0

I need some help vectorizing the following code because I believe that it will become more efficient. However i do not know how to begin... I created a loop that goes through z. z has 3 columns and 112847 rows, which might be a reason it takes a long time.

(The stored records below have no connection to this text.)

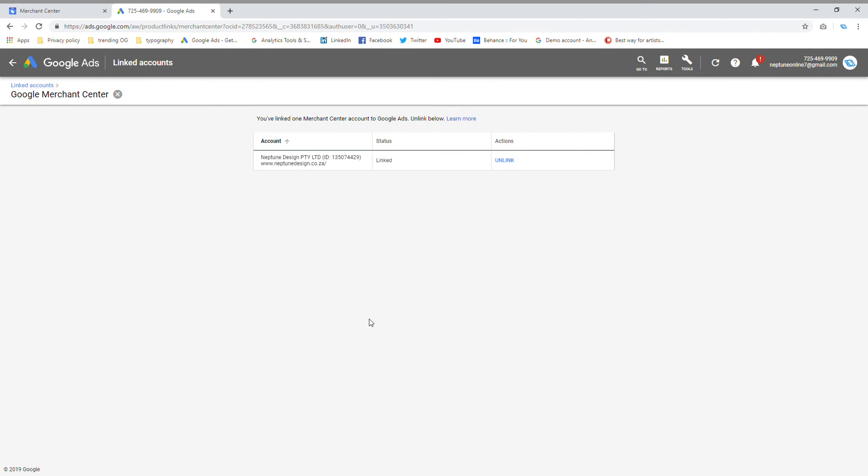And that's how you link your Google ads account with your Google Merchant Center account. Thank you very much. If you like this video, please like or subscribe and please support us on the links below. Thank you very much for the time and enjoy your day.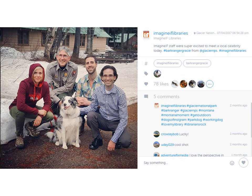Networking on Instagram pays off too. In this Instagram post, we positioned ourselves with a local celebrity: Bark Ranger Gracie from Glacier National Park. They have a huge following on Facebook and everybody loves this dog. We had the opportunity to take a photo with this dog, jumped on it, and received better engagement all around because of it. Get in the habit of looking for opportunities to tell your library's story wherever you may be and in interesting new ways.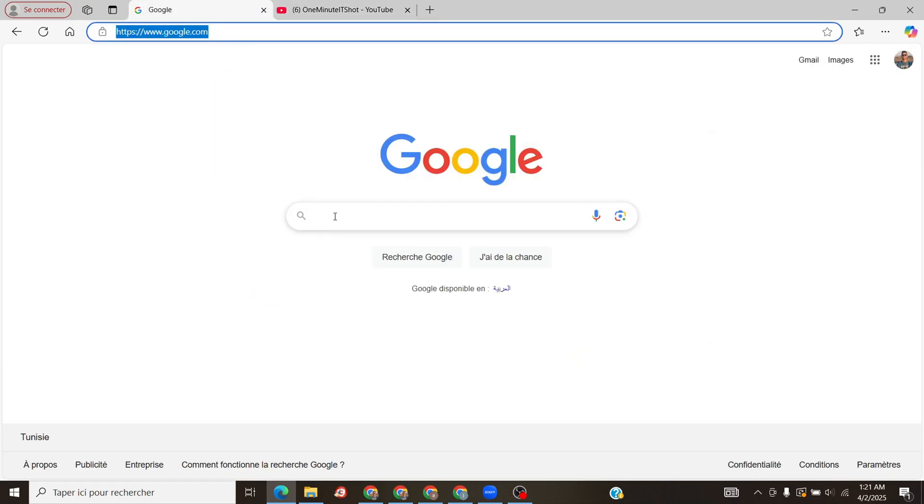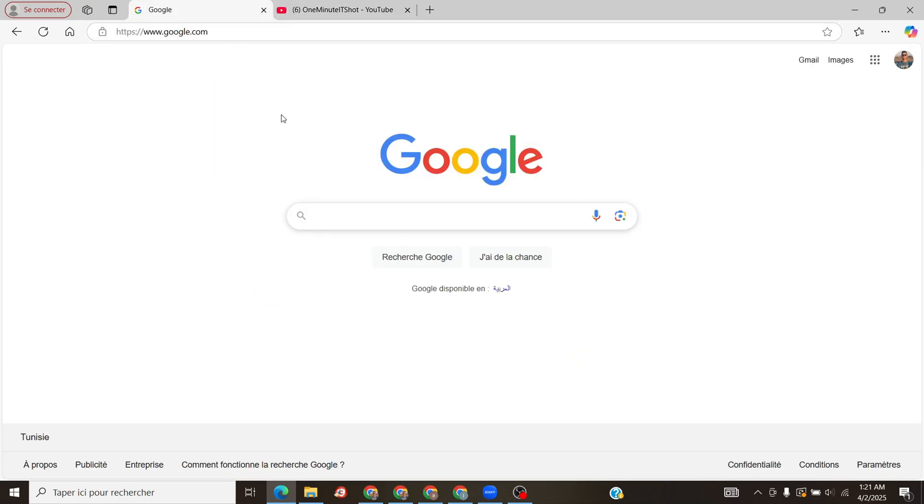Open your browser, search Zoom Web Portal, and log in at zoom.us.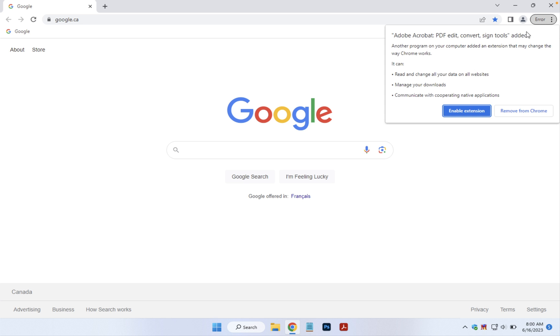Click on that message and you'll get a dialog where you can choose whether you would like to enable the extension or remove it from Chrome entirely.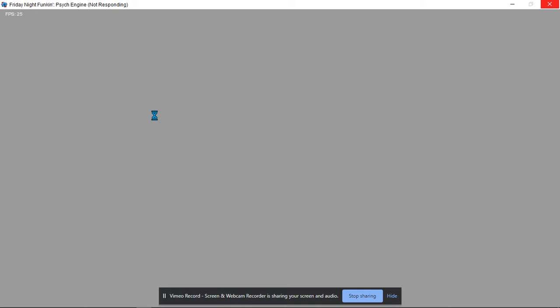Might work better on other computers than this, this mine crappy computer. Minecraft, it's literally a minecraft computer.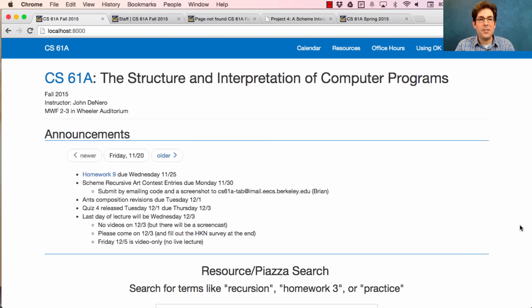When you return from Thanksgiving, there will be a quiz about the SQL language. Quiz 4 will be released on Tuesday and due on Thursday.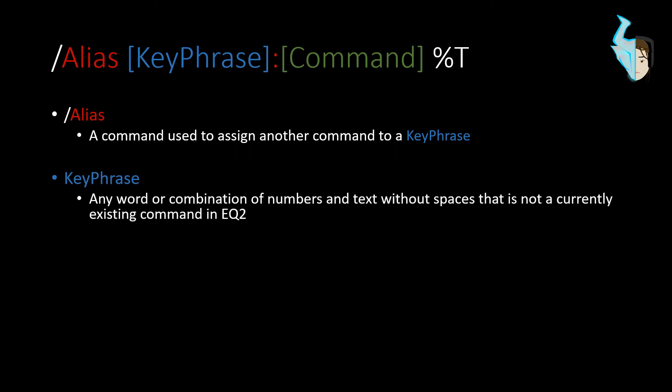The key phrase is any word or combination of numbers and text without spaces that is not currently an existing command in EverQuest 2. So, that key phrase will become the actual command. So, the command is any pre-existing command within EQ2.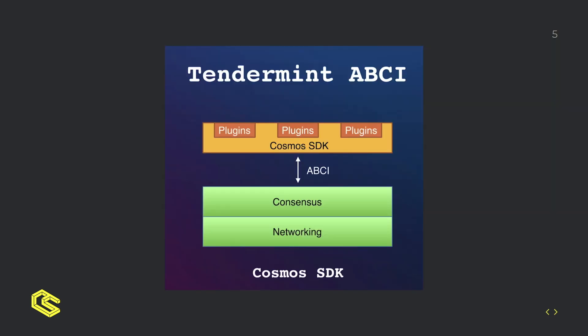Here is an image I found online to illustrate the connection between Tendermint and Cosmos. So Tendermint is the green consensus and networking layers where Cosmos SDK is the application layer at the top with plugins that are basically modules.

The 3 columns contain numbers that are used in the MACD() function...

library(quantmod)
library(TTR)

# get stock data 
getSymbols('LUNA')

#Choose the Adjusted Close of a Symbol
stock <- Ad(LUNA)

#Create matrix for returns only
y <- stock

#Create a "MATRIX" by choosing the Adjusted Close 
Nudata3 <- stock

#Sharpe Ratio Matrix
SR1<- matrix(NA, nrow=1)

# I want to create a table with all possible combinations from the ranges below
i = c(2:50)
k = c(4:50)
j = c(2:50)

# stores possible combinations into z
z <- expand.grid(i,k,j)
colnames(z)<- c("one","two","three")            

n = 1
stretches <- length(z[,1])

while (n < stretches){ 

# I am trying to go through all the values in "z"
Nuw <- MACD((stock), nFast=z[n,1], nSlow=z[n,2], nSig=z[n,3], maType="EMA")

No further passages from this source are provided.